“I intended waiting there only until I had consumed a sandwich, but when I rose to go, something held me back, and I tarried on and on, until the evening set in and dark and strangely formed shadows began to dim the walls and floor.
“As I was mounting the stairs to explore the upper premises a gentle gust of wind blew in my face and filled my nostrils with the most delightful odour of ‘cherry-pie.’ Intoxicated, I halted, and, leaning against the banisters, inhaled the perfume to the full extent of my lungs. Then I listened. The breeze rustling past me down the stairs rattled the window panes and jarred the doors, and seemed to disseminate, in its wake, new and even more perplexing shadows. Presently a door slammed, and I distinctly heard footsteps cross the hall and begin to ascend the stairs.

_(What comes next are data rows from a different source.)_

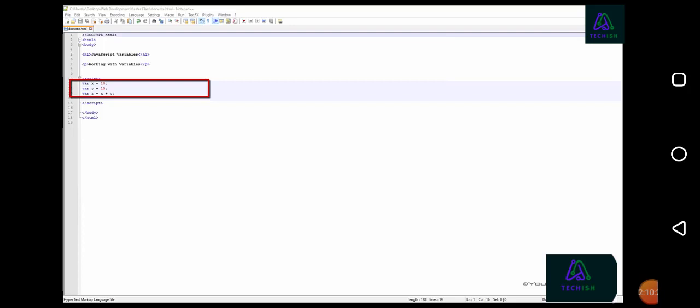The value of variable z is equal to the sum of variable x and y, which in this case would be 25, or 10 plus 15.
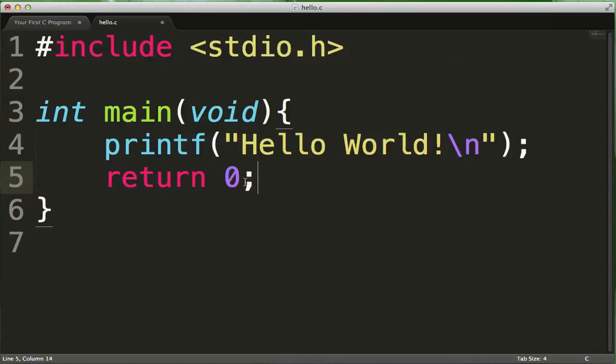If you have another, usually you use zero to indicate that everything went well. And if something went wrong, maybe you would return some other value. But for our purposes, we know that our program will not have any problems with it. So we will simply return zero.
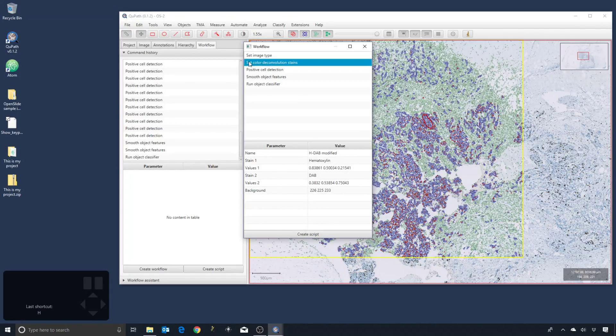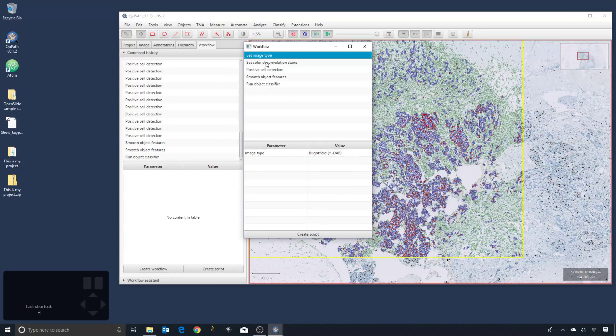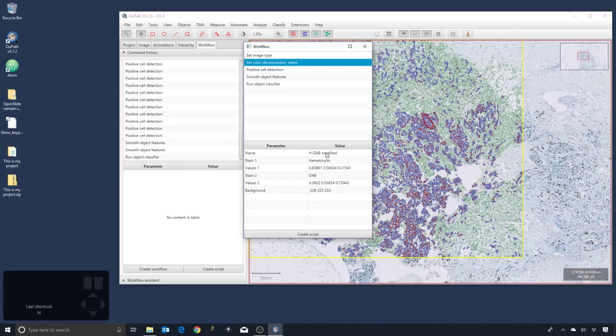I do want to check that what is logged here is the modified color deconvolution stains. But because we named them, that information is there. So I can see it set the image type, it set the stains properly, we run the positive cell detection, we smooth the measurements, and then we run a classifier. So I can create a script then.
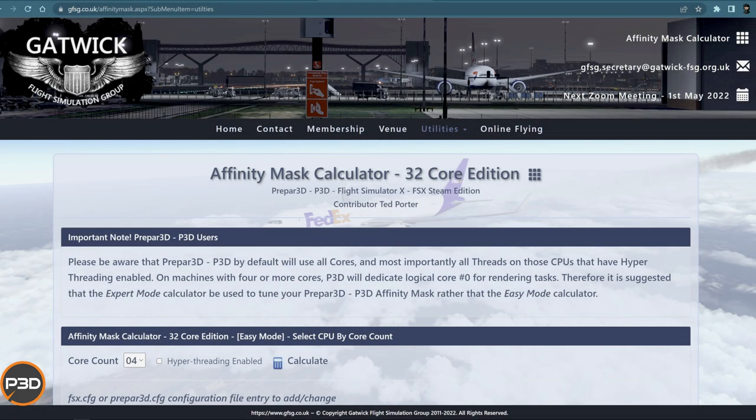Hello everyone, welcome. My name is MJ Pestridge. Welcome to another P3D video. Today I'm going to be talking about and expanding on the P3D affinity mask feature that came in on version 5.3, the latest hotfix.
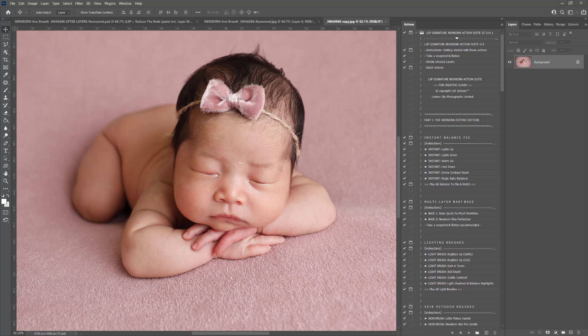Hi, this is Lauren from LSP Actions. This video tutorial is for those of you who previously owned the LSP Signature Newborn Photoshop Actions and are upgrading with your complimentary upgrade to the newer version.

“It was now for the first time that terror laid hold of me, but the fascination of it was so compelling that I lowered my head over the balustrade to listen. I tried to reason the thing out. Why, I asked myself, should these footsteps alarm me? What was it that made them different from other footsteps? Surely there was no difference. And yet, if that were so, why was I certain that they were not the footsteps of any trespasser from outside? I debated earnestly, desperately, but could arrive at no other conclusion than that there was a difference, and that this difference did not lie in the sounds themselves, but in the sense of atmosphere they conveyed, an atmosphere that was peculiarly subtle and quite incompatible with the natural. At last I knew for certain that the sounds were superphysical, and yet such was my dread of the Unknown that I fought most frantically against my convictions.
“The steps had, by this time, so I calculated, reached the first landing, and I now noticed in them a cautiousness that I had not remarked before. What should I see? There was still time for flight, but whither could I go? Behind me were a row of half-open doors, through which the sun, sinking fast, shone its last rays. The effect—a sad one—forcibly reminded me of the end of all things—death; and the sadness of it harmonised well with an air of silent expectation that seemed suddenly to have filled the whole house. My fears grew. I was certain that the oncoming footsteps could only emanate from a phantom of the most startling and terrifying description, and I bitterly repented of my rashness in coming to the house alone. With a supreme effort, I averted my gaze and turned to seek refuge in one mad headlong plunge, should there be no other haven, through a window; but the power to do so was denied me. I was paralysed. The steps came nearer, and now, some distance below me, moving rapidly up the staircase, came something bright. I watched it pass swiftly round one bend, and then another, and at the moment my suspense had reached its limit and I felt I was on the border-line of either death or insanity, it turned the last corner and shot fully into view. The reaction was then so great that I reeled back against the wall and burst out laughing. Instead of some distorted semblance of humanity, instead of some grotesque, semi-animal elemental, something too grim and devilish for the mind to conceive and survive, I saw—a child: a girl of about twelve, dressed in the most becoming frock of soft white satin, high in the waist, and from thence falling in folds to her feet. She had long bright golden hair hanging in loose curls on either side of her low white forehead; delicately pencilled eyebrows that were slightly knit, and wide open blue-grey eyes that were fixed on me with an expression of the gravest anxiety, mingled with a something enigmatical, something sorely puzzling and with which I seemed to be familiar. Again and again I have tried to diagnose it, and at times the solution has seemed very near; but it has always eluded me in the end, and the mystery is still as great and as poignant as ever. The child held a leash in one hand, whilst she stretched out the other confidingly towards me.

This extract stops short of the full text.